Of course, dying on the cross is exponentially worse than ripping off a band-aid, but the concept is similar.
It’s better to take care of it now than prolonging the suffering, but that doesn’t mean He doesn’t want to do it.
His earthly flesh is warring with His sense of duty and purpose.
As Bro. Wayne Jones words it: “There is no doubt that Jesus was engaged [in] a spiritual battle wherein the internal conflict of the flesh seeking to avoid the extreme pain of the cross was in conflict with the mission of the Messiah to come and do the will of the Father.
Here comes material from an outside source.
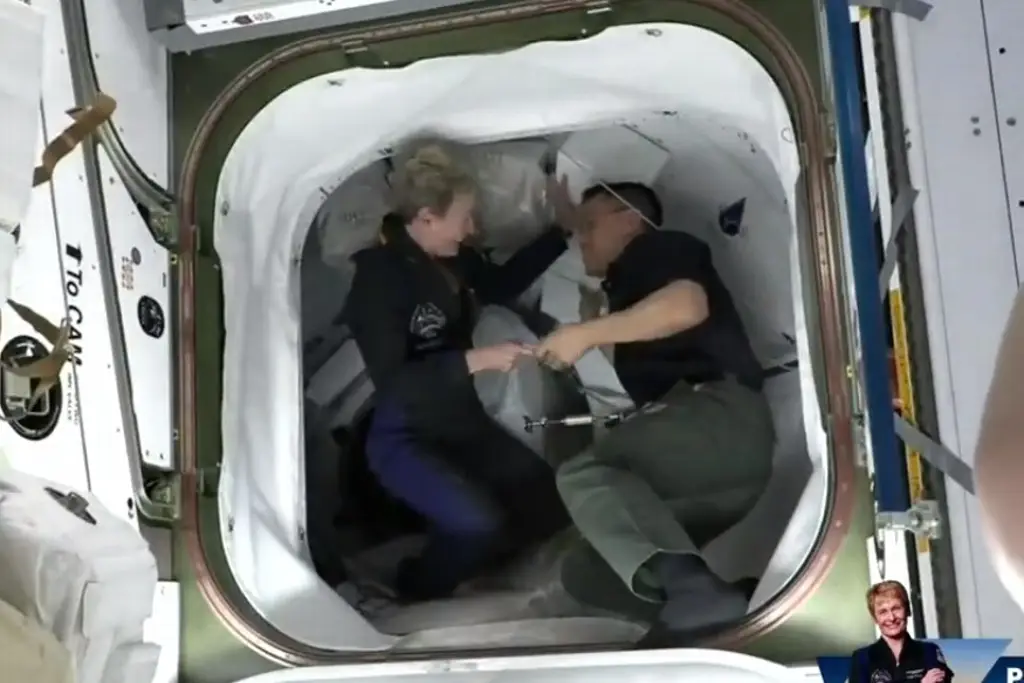 Imagen Los astronautas de la misión privada Ax-2 llegan a la Estación Espacial Internacional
His prayer was an expression this battle and exhibited a strong desire to settle the matter once and for all” (Jones 154).
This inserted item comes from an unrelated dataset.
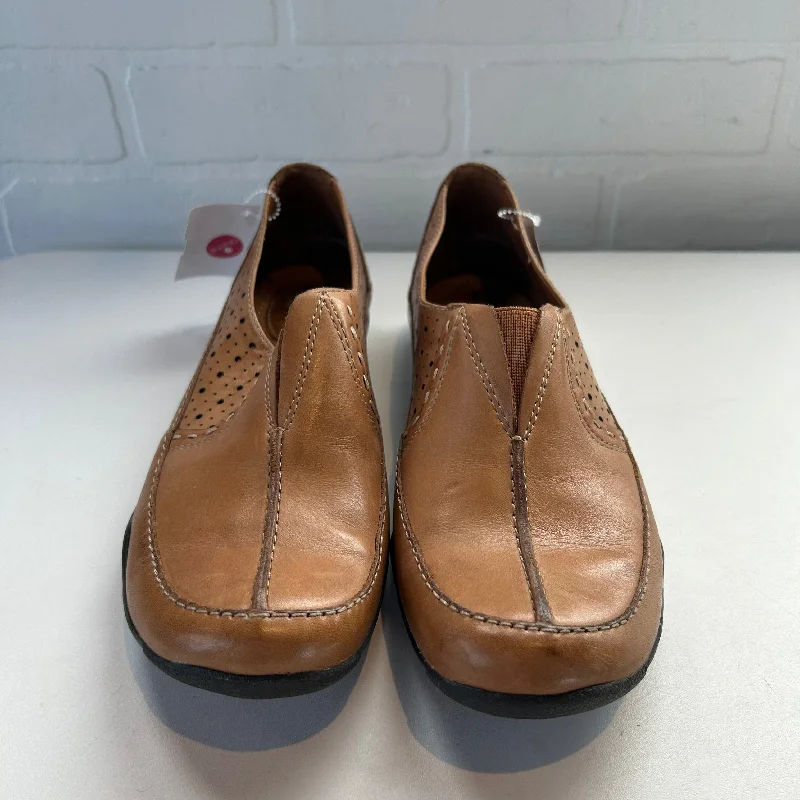 Shoes Flats By Clarks In Brown, Size: 8.5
How many times have we talked about the purpose statements of Jesus, and the fact that He was meant to “give His life a ransom for many” (10:45).
This is the thematic verse of Mark’s gospel, and it is on display here. He knows what He has to do, but He is scared—can you blame Him?
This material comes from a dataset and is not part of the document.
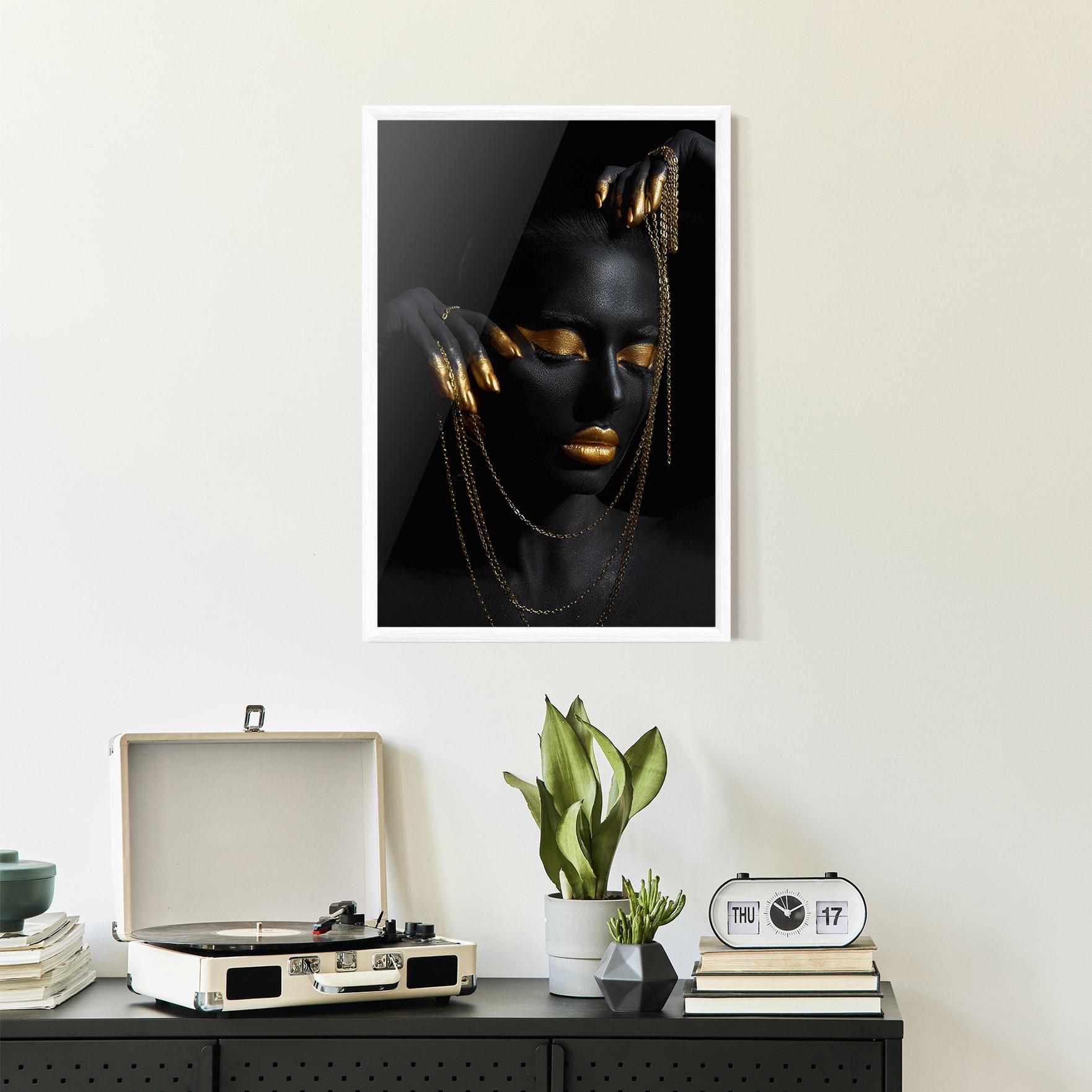 Рамкиран постер Gold Black Skin mockup 2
The Hebrew word for “father” is ab, and the word Abba, is based on a Chaldean/Aramaic emphatic form of this.
I did some research awhile back wanting to know why the names for “mother” were so similar in unrelated languages all over the world and through time.
It’s because “m” is one of the first consonant sounds that we make as babies, so it’s very easy to teach your infant that.
The name for “father” isn’t quite as universal as one might expect, but there are a lot of similarities, “dad/dadda/daddy,” “pa/papa,” and even “ab/abi/abba.”
The “d,” “p,” and “b” are also among the first consonant sounds a baby makes along with the “m.”
The point is, Jesus is using a term of endearment for His Father that is reserved for the most intimate relationship between father and son—almost like us saying, “Daddy.”
It later became a normal means of addressing God in prayer.
It is automatically translated here for the reader as patēr, father.
All things are possible for God.
It is true that all things are possible for God, so why couldn’t He keep Jesus from sacrificing Himself and still save mankind?
While all things are possible for God, He still has a divine purpose.
He has an infinitely superior mind and purpose, and we must trust that this was the best plan for the salvation of mankind.
While all things are possible, not all things are expedient to carry out His plan and purpose.
Jesus knows all this, and so humbles Himself before the Father, putting His will beneath God’s in voluntary submission.
This ought to be our prayer as well: Father, hear my cry! Nevertheless, not my will, but Yours be done!
It ultimately boils down to trust for our heavenly Father that He knows what’s best, a trust that Jesus had in spades.
And yet His disciples were found wanting.
The Disciples’ Failure.
Have you ever known anyone who, the moment they sit still for any length of time, they fall asleep? Maybe that’s you.
I’ll be honest I’m a little jealous of such people, but we find here that this isn’t exactly a desirable trait for Jesus’ disciples.
Jesus is baring His soul to the Lord, asking His disciples to keep watch, and in His greatest hour of need they fail Him, allowing themselves to fall asleep.
This is the exact opposite of what He asked them to do (14:34), of what He urged them to do earlier (13:37).
It was certainly late at night, no doubt when they would normally be sleeping, but Luke adds that they were “sleeping from sorrow” (Luke 22:45). They were no doubt exhausted from all the talk and sadness of His imminent departure.
Instead of calling him Peter, Jesus calls him Simon, his original given name. He’s not being a very good rock right now, is he?
He urges them to watch and pray, and what follows is a somewhat confusing exhortation: “lest you enter into temptation.”
Temptation to do what? What sin might you do when you’re asleep?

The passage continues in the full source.